- Working data:
====================
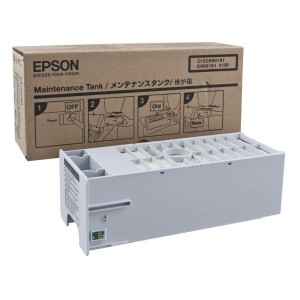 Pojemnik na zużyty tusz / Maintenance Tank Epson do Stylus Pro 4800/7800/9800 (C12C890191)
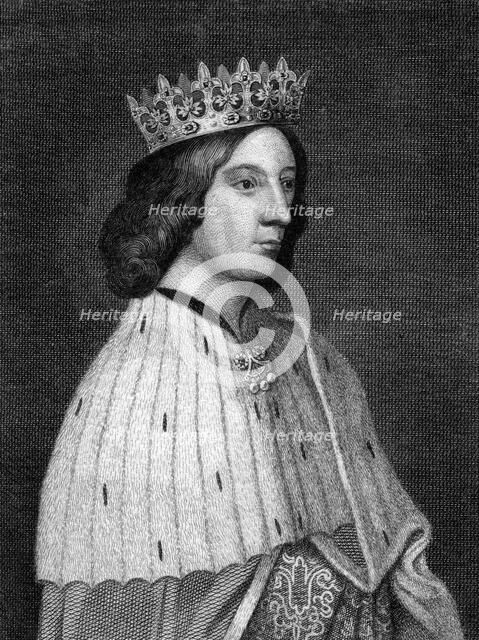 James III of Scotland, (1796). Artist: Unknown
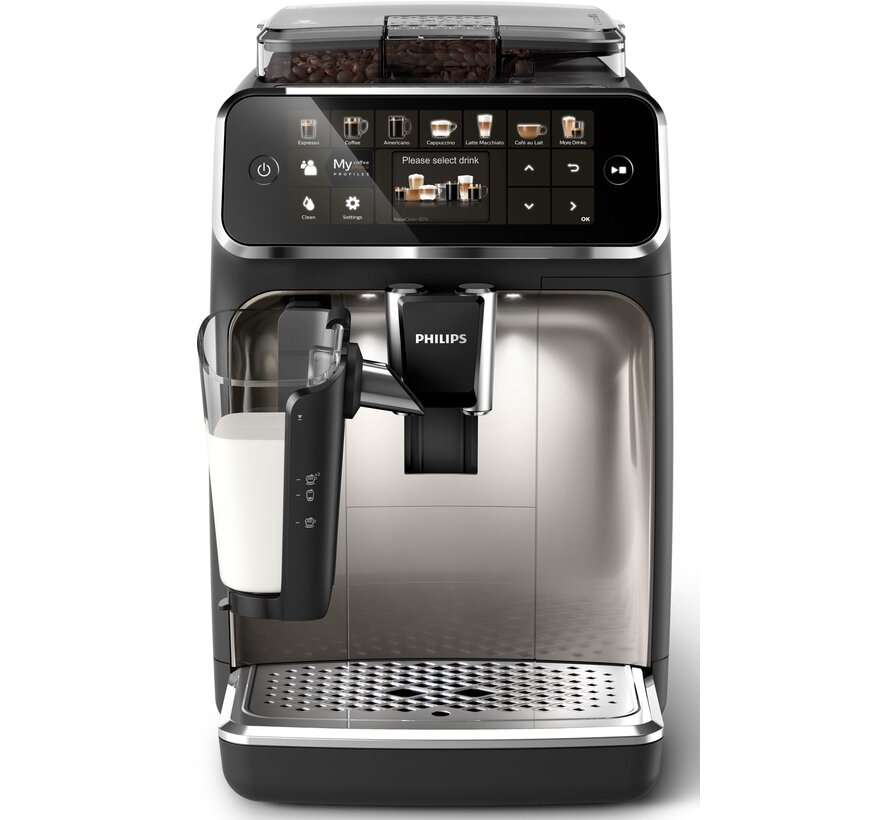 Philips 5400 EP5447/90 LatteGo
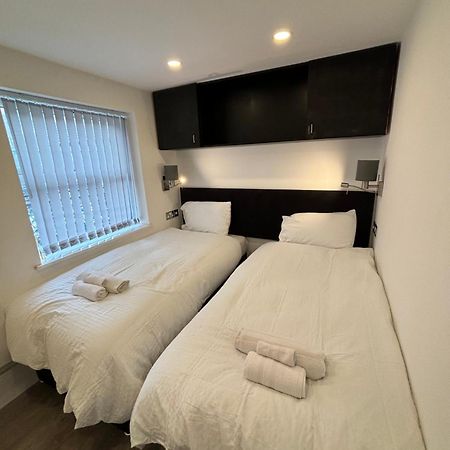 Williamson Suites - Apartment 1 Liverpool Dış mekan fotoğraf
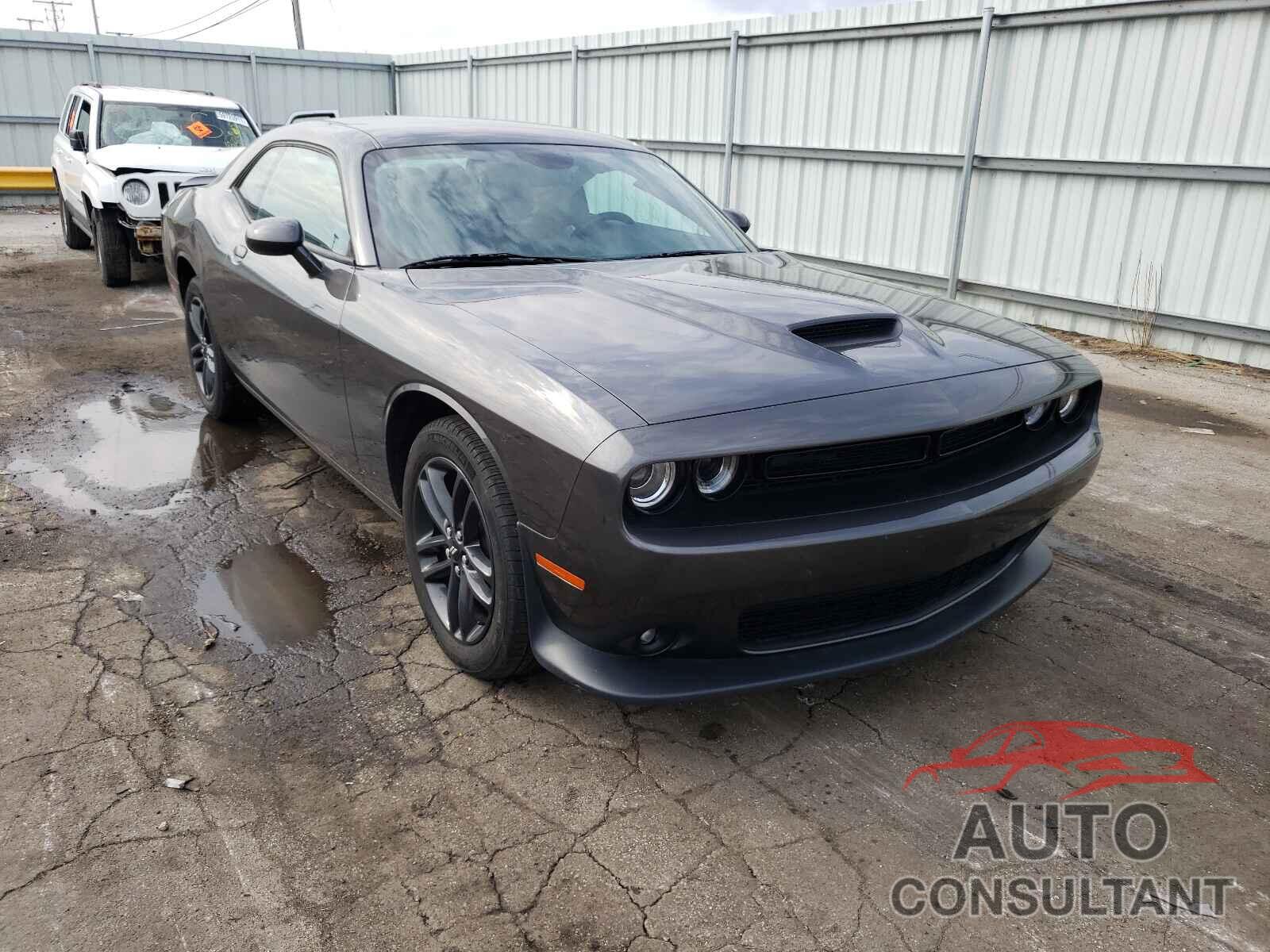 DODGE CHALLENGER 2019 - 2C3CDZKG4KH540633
====================
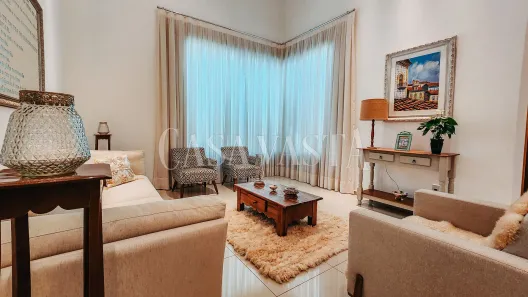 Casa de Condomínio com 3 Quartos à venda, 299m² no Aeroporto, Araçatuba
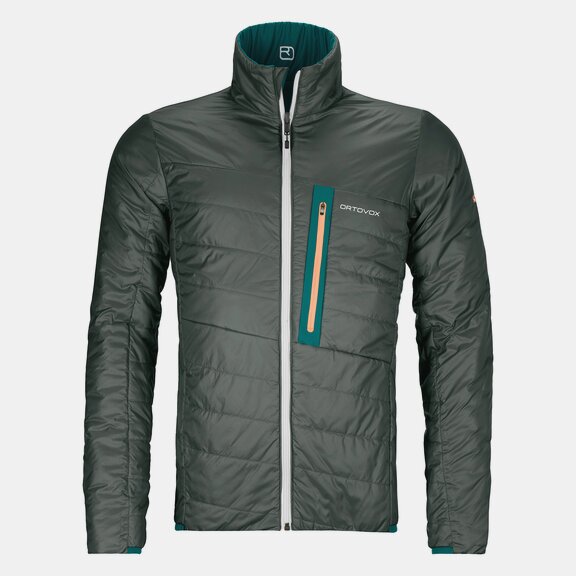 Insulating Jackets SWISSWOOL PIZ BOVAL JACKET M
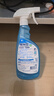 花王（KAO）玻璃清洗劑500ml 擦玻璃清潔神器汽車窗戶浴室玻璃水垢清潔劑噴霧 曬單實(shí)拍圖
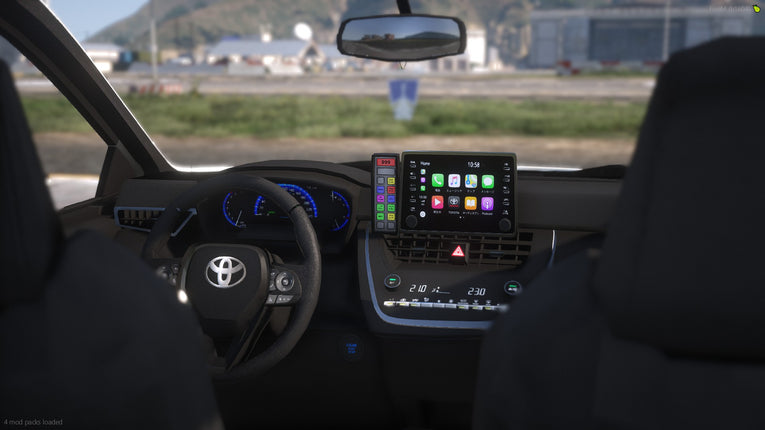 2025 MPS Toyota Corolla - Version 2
====================
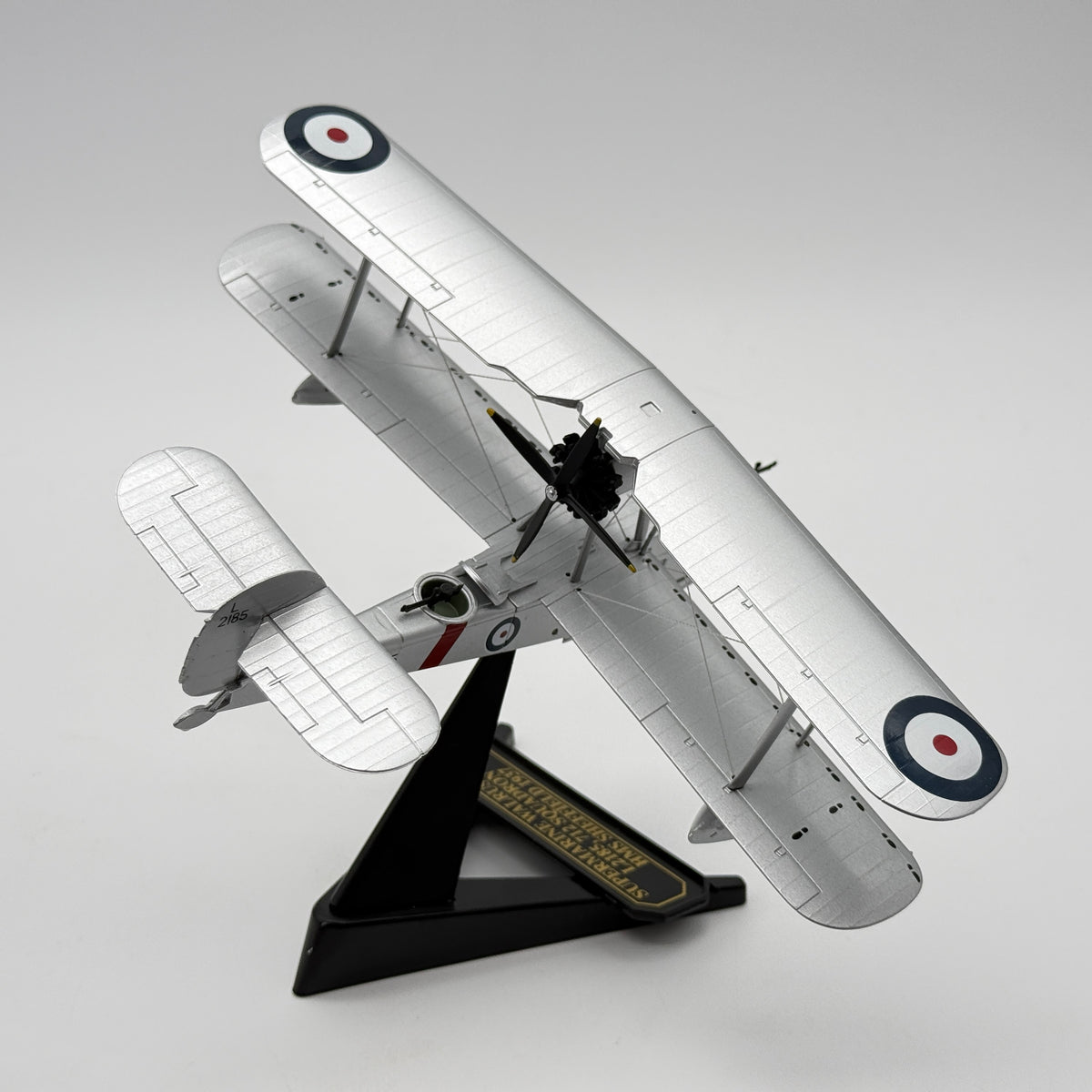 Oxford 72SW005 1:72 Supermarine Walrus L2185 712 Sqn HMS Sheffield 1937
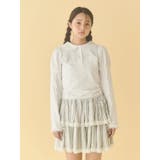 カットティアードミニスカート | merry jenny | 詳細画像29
====================
- Your instructions: Beginning with the line that contains "Philips 5400 EP5447/90 LatteGo" and ending with the line that contains "DODGE CHALLENGER 2019 - 2C3CDZKG4KH540633", reproduce the listing exactly, pictures excluded.

- Output of the exercise:
 Philips 5400 EP5447/90 LatteGo
 Williamson Suites - Apartment 1 Liverpool Dış mekan fotoğraf
 DODGE CHALLENGER 2019 - 2C3CDZKG4KH540633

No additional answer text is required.